Returning to FIG. 1A, in some implementations, the computing system 12 can obtain a training example (not illustrated). In some implementations, the computing device 46 may provide the training example directly to the computing system 12. More specifically, the computing device 46 can provide training information 60 to the computing system based on training example(s) obtained locally at the computing device 46. In some implementations, the training information 60 can include the training example obtained at the computing device 46. Alternatively, in some implementations, the training information 60 can include some information derived from the training example obtained at the computing device 46 (e.g., an encoding, an intermediate representation, a portion of the training example, etc.).

Additionally, it should be noted that each of the operations described with regards to the container layer constructor 18 can also be performed based on additional training iterations performed for models, and is not limited to fine-tuning iterations performed in accordance with a computing device such as the computing device 46. For example, the parameter modification information 42 can be obtained from a training source, such as a creator or maintainer of the machine-learned model 24, or an entity that creates and/or updates machine-learned models generally. The container layer constructor 18 can then update particular layers of the image layers 22 as described previously.

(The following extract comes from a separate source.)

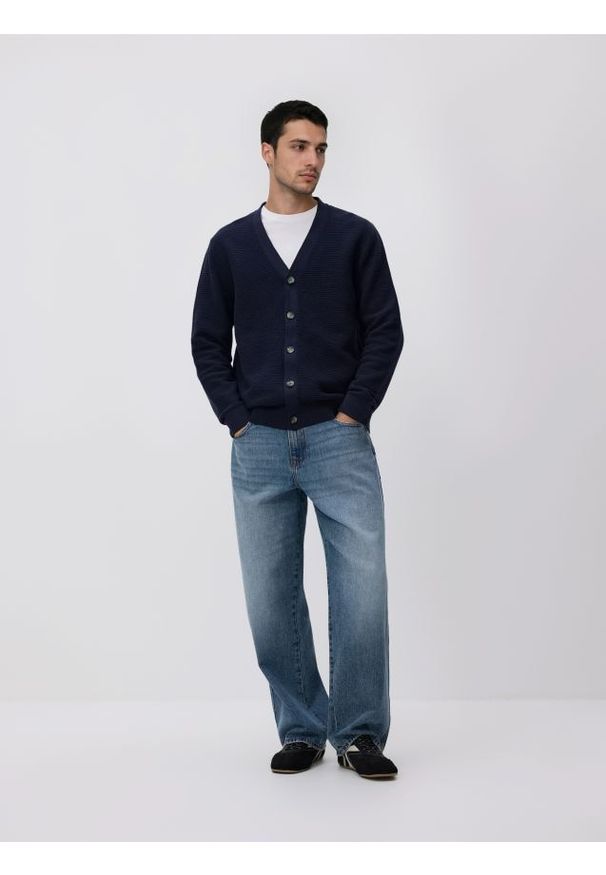 Reserved - Rozpinany kardigan - granatowy. Kolor: niebieski. Materiał: dzianina, bawełna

If the container image 20 is subsequently requested by the computing device 46, the computing device 46 can receive an updated version of the container image 20.

FIG. 2 is a flowchart illustrating operations performed by the computing device of FIG. 1A for constructing container image layers based on neural network model layers, according to one example. FIG. 2 will be discussed in conjunction with FIG. 1A. More specifically, the computing system 12 can group a plurality of model layers 22 of a machine-learned model 24 to obtain a plurality of model layer groupings 34 based on one or more grouping criteria 30 (block 202). The computing system can 12 can generate, for each of the model layer groupings 34, mapping information 32 that maps the model layer groupings 34 to a plurality of container image layers 22 of a container image 20 (block 204). The computing system 12 can, based on the mapping information 32, store the model layer groupings 34 to the container image layers 22 (block 206).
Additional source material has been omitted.